_EXERCISE GOAL_: Scan the records for the word "seating". Copy each line that includes it.

(AVAILABLE DATA Opens)

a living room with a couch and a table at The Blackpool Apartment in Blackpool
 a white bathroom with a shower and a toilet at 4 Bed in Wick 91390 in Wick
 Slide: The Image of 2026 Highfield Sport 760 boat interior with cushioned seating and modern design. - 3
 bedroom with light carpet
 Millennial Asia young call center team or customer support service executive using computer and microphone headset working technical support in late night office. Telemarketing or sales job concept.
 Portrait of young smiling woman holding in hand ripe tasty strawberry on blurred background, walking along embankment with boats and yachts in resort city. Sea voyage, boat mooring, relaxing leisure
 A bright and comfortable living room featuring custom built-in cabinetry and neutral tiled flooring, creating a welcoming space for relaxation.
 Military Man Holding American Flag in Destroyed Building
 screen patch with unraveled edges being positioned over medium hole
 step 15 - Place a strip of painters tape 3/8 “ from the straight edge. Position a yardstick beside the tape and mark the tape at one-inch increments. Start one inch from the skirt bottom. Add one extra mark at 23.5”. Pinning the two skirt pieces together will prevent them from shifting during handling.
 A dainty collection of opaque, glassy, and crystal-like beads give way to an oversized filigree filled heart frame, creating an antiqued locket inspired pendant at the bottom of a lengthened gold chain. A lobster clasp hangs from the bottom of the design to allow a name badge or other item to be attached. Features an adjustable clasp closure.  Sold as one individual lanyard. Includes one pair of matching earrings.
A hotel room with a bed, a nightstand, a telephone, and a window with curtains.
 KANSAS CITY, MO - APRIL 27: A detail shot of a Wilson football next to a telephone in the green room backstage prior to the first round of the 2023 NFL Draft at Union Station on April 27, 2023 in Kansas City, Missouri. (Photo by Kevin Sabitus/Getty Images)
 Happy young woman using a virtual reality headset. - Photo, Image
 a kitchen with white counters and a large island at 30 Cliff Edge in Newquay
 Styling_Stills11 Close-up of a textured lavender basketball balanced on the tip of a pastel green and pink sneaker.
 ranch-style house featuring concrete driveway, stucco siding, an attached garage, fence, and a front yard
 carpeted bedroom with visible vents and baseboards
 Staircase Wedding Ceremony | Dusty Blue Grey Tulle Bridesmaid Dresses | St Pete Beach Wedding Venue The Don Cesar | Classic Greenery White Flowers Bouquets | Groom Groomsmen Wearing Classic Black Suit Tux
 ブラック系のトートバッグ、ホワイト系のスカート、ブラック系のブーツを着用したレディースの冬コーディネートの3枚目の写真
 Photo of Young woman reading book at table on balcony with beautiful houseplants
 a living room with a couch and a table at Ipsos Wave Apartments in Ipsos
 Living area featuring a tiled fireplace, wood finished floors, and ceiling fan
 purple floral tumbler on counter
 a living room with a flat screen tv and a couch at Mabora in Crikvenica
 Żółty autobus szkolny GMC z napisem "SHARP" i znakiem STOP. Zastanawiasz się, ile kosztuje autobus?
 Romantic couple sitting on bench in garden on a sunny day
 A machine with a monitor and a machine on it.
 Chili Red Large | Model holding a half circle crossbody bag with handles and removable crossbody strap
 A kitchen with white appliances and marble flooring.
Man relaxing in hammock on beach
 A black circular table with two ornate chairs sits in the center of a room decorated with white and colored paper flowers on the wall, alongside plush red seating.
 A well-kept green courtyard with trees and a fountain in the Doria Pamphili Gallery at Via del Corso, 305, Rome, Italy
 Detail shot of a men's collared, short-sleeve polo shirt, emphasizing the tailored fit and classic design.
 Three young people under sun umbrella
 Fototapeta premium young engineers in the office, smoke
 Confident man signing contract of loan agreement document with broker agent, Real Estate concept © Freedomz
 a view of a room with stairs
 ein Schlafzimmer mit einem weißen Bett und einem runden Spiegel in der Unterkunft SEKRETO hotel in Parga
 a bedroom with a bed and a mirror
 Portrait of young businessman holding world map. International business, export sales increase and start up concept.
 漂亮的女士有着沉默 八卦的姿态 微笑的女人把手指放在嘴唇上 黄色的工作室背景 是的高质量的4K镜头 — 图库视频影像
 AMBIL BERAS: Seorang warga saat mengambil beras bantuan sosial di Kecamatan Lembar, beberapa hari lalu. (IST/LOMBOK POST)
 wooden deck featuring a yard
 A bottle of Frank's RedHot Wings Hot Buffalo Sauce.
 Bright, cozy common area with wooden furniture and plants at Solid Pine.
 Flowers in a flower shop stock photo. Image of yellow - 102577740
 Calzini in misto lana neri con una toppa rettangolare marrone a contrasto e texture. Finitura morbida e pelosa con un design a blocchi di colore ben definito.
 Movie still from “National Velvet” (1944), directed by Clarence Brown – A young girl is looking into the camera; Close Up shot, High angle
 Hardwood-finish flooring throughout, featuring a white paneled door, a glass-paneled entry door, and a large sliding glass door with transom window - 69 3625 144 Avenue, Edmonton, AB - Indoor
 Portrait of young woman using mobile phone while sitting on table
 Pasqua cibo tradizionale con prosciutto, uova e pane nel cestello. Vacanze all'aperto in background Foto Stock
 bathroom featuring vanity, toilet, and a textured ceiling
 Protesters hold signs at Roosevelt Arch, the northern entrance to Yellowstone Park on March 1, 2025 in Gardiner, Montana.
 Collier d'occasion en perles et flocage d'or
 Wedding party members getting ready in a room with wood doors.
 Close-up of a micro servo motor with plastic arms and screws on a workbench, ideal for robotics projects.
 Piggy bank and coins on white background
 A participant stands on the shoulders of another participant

(AVAILABLE DATA Closes)

_SOLUTION TO THE PROBLEM_:
 Slide: The Image of 2026 Highfield Sport 760 boat interior with cushioned seating and modern design. - 3
 A black circular table with two ornate chairs sits in the center of a room decorated with white and colored paper flowers on the wall, alongside plush red seating.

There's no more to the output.